In 180 Equipment, LLC, 180 Equipment, LLC (the Debtor) granted a security interest to First Midwest Bank (the Lender) in substantially all the Debtor’s assets pursuant to a security agreement. The security agreement further set forth twenty-six (26) categories of collateral, including accounts, cash, equipment, instruments, goods, inventory and proceeds thereof. To perfect its interest, the Lender timely filed a financing statement that covered all collateral described in such security agreement. Specifically, the financing statement indicated the collateral as “[a]ll Collateral described in First Amended and Restated Security Agreement dated March 9, 2015 between Debtor and Secured Party.” Thereafter, the Debtor filed for Chapter 7 bankruptcy protection, wherein the Lender commenced an adversary proceeding seeking, among other things, a declaration that its security interest in the Debtor’s assets was properly perfected and senior to the interests of all other claimants. The Bankruptcy Court found that the failure of the financing statement to contain a description of collateral meant that the financing statement failed to provide particularized notice as required by the Illinois UCC. On appeal, the Seventh Circuit Court of Appeals held that the Illinois UCC allows a financing statement to indicate collateral by reference to the description in the underlying security agreement.

In making its determination the Seventh Circuit Court of Appeals considered whether the Illinois UCC requires the four corners of the financing statement to include a specific description of the secured collateral or whether incorporating a description by reference to a security agreement is sufficient to indicate collateral. The security agreement creates and specifically defines the interest as compared to the financing statement which merely provides notice of such interest.
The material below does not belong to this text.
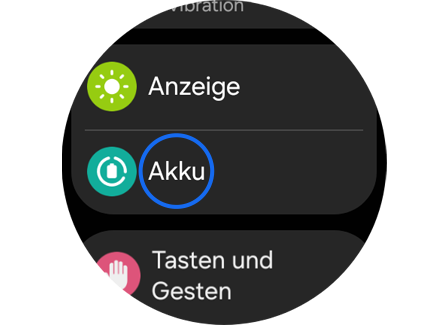 Bildschirm „Einstellungen“ der Galaxy Watch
Given the distinct functions served by the financing statement and the security agreement, the Seventh Circuit Court of Appeals noted that while each document must describe the collateral, the degree of specificity required turns on the nature of the document involved. Further, while a subsequent creditor need not be a “super-detective” in investigating prior secured transactions, incorporation of a collateral description by reference was enough to notify such creditor to the existence of a lien and that additional inquiry was necessary.